Semaine du 23 au 27 septembre 20
ISRAËL INQUIET APRES
LES DISCOURS D’OBAMA
ET DE ROHANI A L’AGNU
L’Assemblée générale des Nations Unies a naturellement été au cœur de l’actualité de cette semaine, les quotidiens israéliens consacrant leurs « unes » et un grand nombre de leurs analyses aux discours de Barack Obama et du président iranien, Hassan Rohani.
Le bilan dressé par les commentateurs sur le discours d’Obama est mitigé. D’une part, le fait que le président américain ait établi en parallèle entre le conflit israélo-palestinien et le nucléaire iranien, ainsi que sa reconnaissance devant l’ONU du droit iranien au nucléaire civil, sont interprétés comme un coup dur pour la politique de Binyamin Netanyahu.
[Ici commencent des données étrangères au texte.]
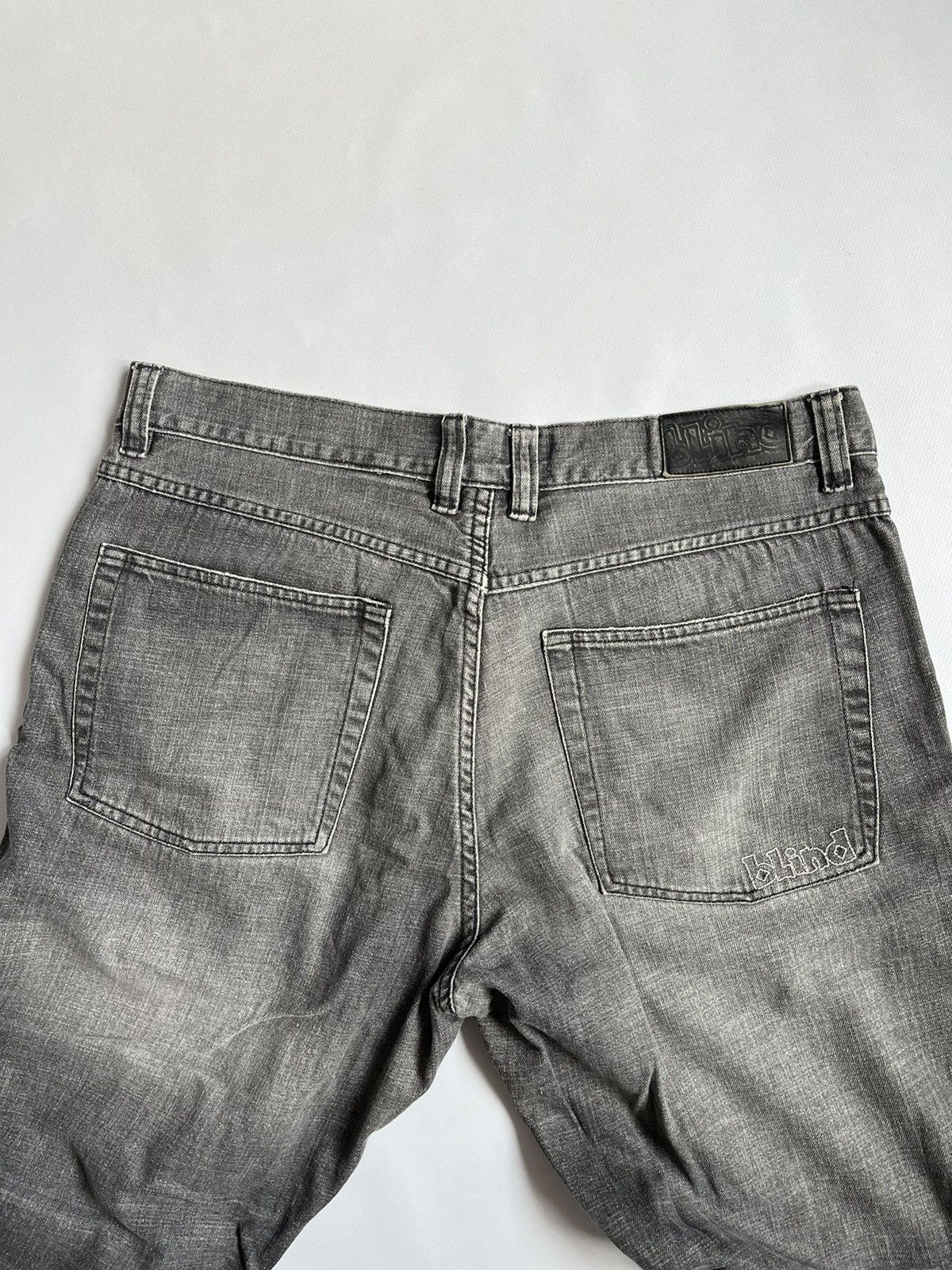 Blind Skateboards × Vintage Blind Skateboards Grey Baggy Distressed Usa Button Pants Size US 36 / EU 52 - 9 Thumbnail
Ce dernier se trouverait désormais isolé dans sa position de fermeté vis-à-vis de l’Iran, tandis que sa théorie selon laquelle le conflit israélo-palestinien ne serait pas la principale source d’instabilité au Moyen-Orient aurait été invalidée par B. Obama.
La presse israélienne souligne néanmoins les points positifs pour Israël contenus dans le discours du Président américain – Obama ne donnant qu’une chance prudente à la diplomatie, tout en maintenant l’option militaire, et faisant l’éloge des efforts consentis par Israël sur le dossier palestinien.
La presse israélienne voit également dans le discours de Rohani et, plus généralement, dans l’« offensive de charme» menée par les Iraniens pour convaincre l’Occident de leur sincérité, un succès iranien majeur et une nouvelle défaite pour Israël. En effet, si la perspective d’une frappe militaire occidentale semble avoir été écartée pour de bon, les commentateurs israéliens ne croient pas que les négociations avec l’Iran parviennent à mettre un terme à leur programme nucléaire militaire. Au pire, ces négociations pourraient permettre à l’Iran d’atteindre le « seuil nucléaire », tout en ayant obtenu la levée du régime des sanctions.
Dans le même temps, plusieurs commentateurs mettent en garde Netanyahu (qui s’exprimera devant l’AGNU mardi prochain) contre un discours trop anti-iranien qui « gâcherait la fête » occidentale au lendemain du présumé changement de politique iranien et ferait passer Israël pour le pays qui pousse le monde à la guerre.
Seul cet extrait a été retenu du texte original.